Nanami is a complicated case. She is making tea, tamely playing a female role, no longer rebelliously seeking power. Tea stands for friendship (though it is usually subverted, for example by Akio), but Nanami makes it with a kappa hot water dispenser like Wakaba’s. A kappa is a water monster, so I have the idea that Nanami has made peace with her self-perceived monstrousness. But it is still a monster, and it lives in the water of illusions. It subverts the meaning of tea here, just as it does in episode 20 with Wakaba and Saionji—they are not real friends. Nanami is behaving as she did in the cowbell episode, at a low point in her story. Her inability to escape Akio’s influence was foreshadowed in episode 16, when she went from cowbell to nose ring.

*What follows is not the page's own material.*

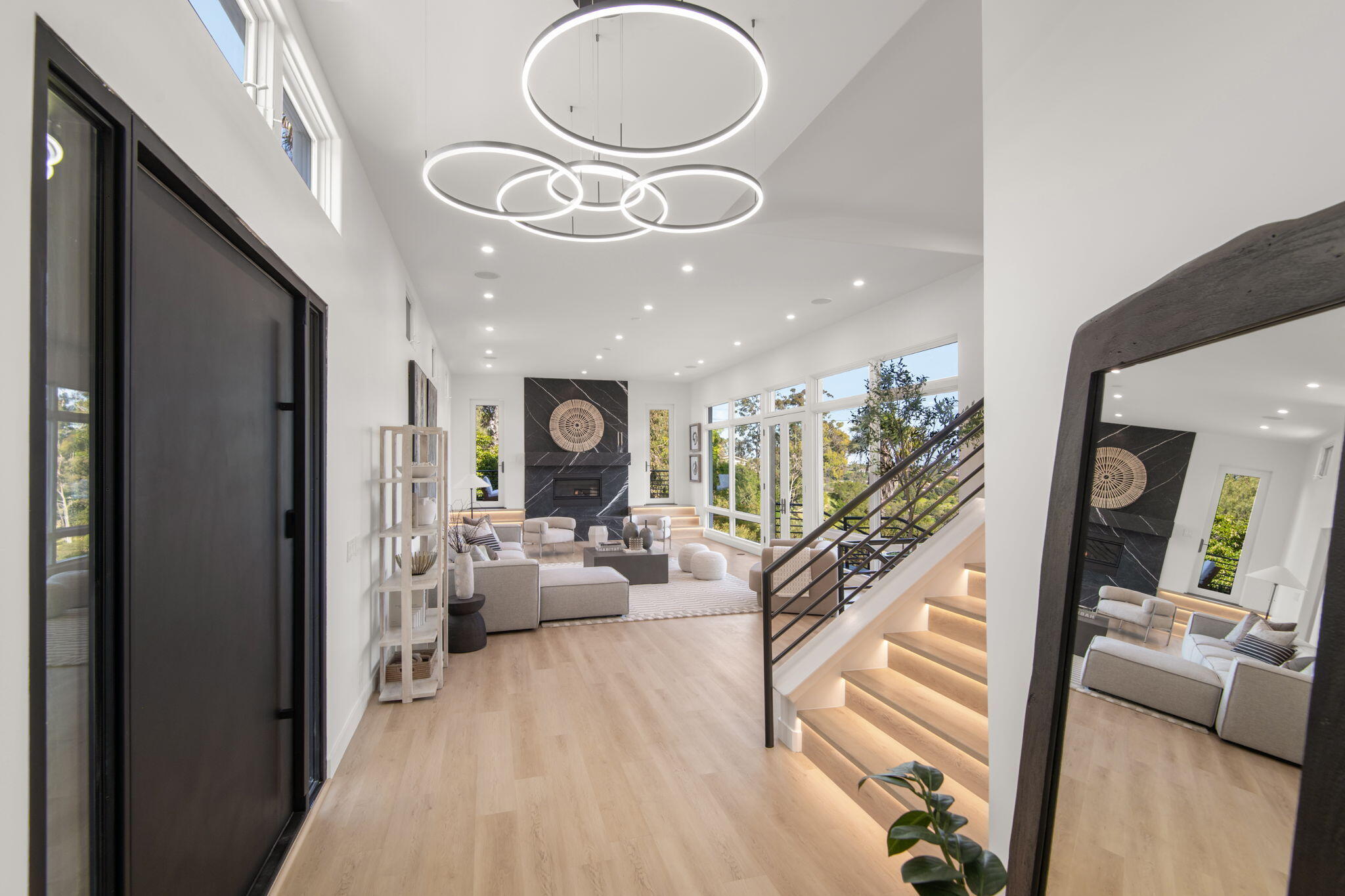 1460 Twinridge Road Santa Barbara, CA 93111 - Photo 19 of 80 Entry & lower living room-1460 Twinridge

Her coronet hairdo looks looser, not as tight and controlled as before (though it might be in the normal range of variation). I think it is no longer a queen’s crown (see Nanami’s character design). She has presumably lost her minions, who left her. Has Nanami lost ground because she dropped her rebellion and accepted the system? Or has she gained, because her rebellion was harmful? From the second Student Council interlude of the final showdown, I conclude that she is coping with her failed rebellion by refusing to face reality. She has not found a new way to rebel, but she may yet.

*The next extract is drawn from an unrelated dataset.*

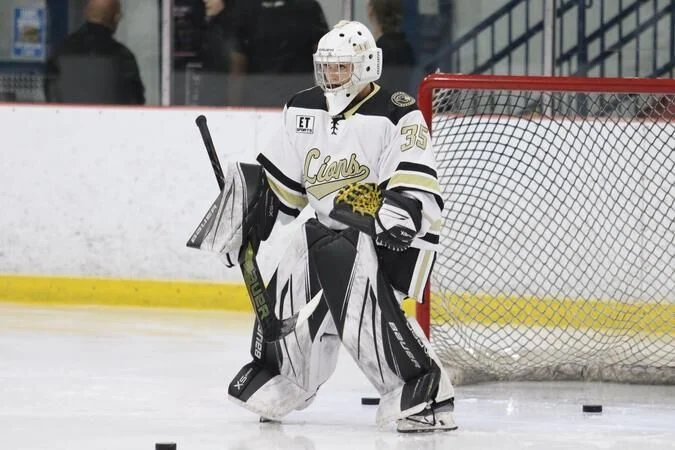 PNW women’s hockey drops road set at Penn State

Nanami’s minions. We’re not given new information about the minions, but if Nanami has given up on seeking power then they were presumably successful in getting free of her. Nanami learned that Akio’s control is bad, and her minions learned that Nanami’s control is bad. Maybe someday they’ll learn about Touga. The nerd trio Suzuki, Yamada, Tanaka has given up on chasing Nanami, who looks down on them. They chase the ex-minions instead. The ordinary boys should realistically have a chance to couple up with ordinary girls, and I have to count it as progress. But it’s not much progress. The minions may be ordinary, but they want Touga who is special.
Mostly unfinished.
Anthy walking away. After Anthy leaves the academy, the ending credits show her walking away. The scenery is shown as backdrops with Anthy’s shadow falling on them, not as real places that she walks through: They are metaphors for where she is going, not a literal depiction. The technique is the same as in the original prince story in episode 1, and reminds me of the Swiss landscape in episode 16. The backdrops are sky at first, then bare trees, then a path through the countryside. The bare trees and the path were backgrounds in the prince story. She is symbolically following the path that the prince followed, seeking her own prince, who is no longer Dios but Utena.

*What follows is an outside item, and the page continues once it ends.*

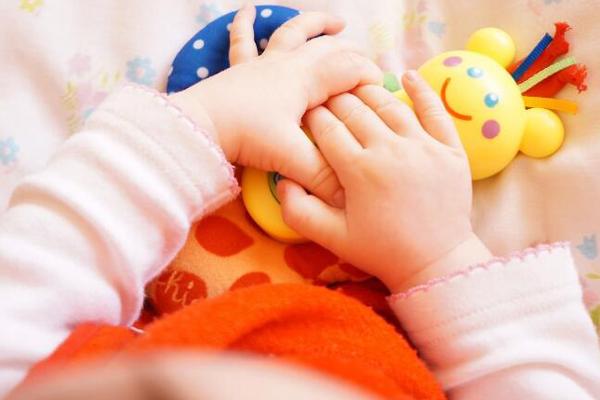 形容孩子幸福的句子说说心情短语 形容孩子幸福的句子说说心情短语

Anthy carries her suitcase at her side in one hand. She has dropped the Academy’s stylized (as in Takarazuka) “female” posture of holding her hands together in front of her. That’s how she habitually carried her school briefcase.
Anthy’s hair is no longer rolled up tightly, but free for her new freedom. But seeking her prince implies that she still lives in the storybook world. On the other hand, nothing says that she won’t find the real world at the end of her journey.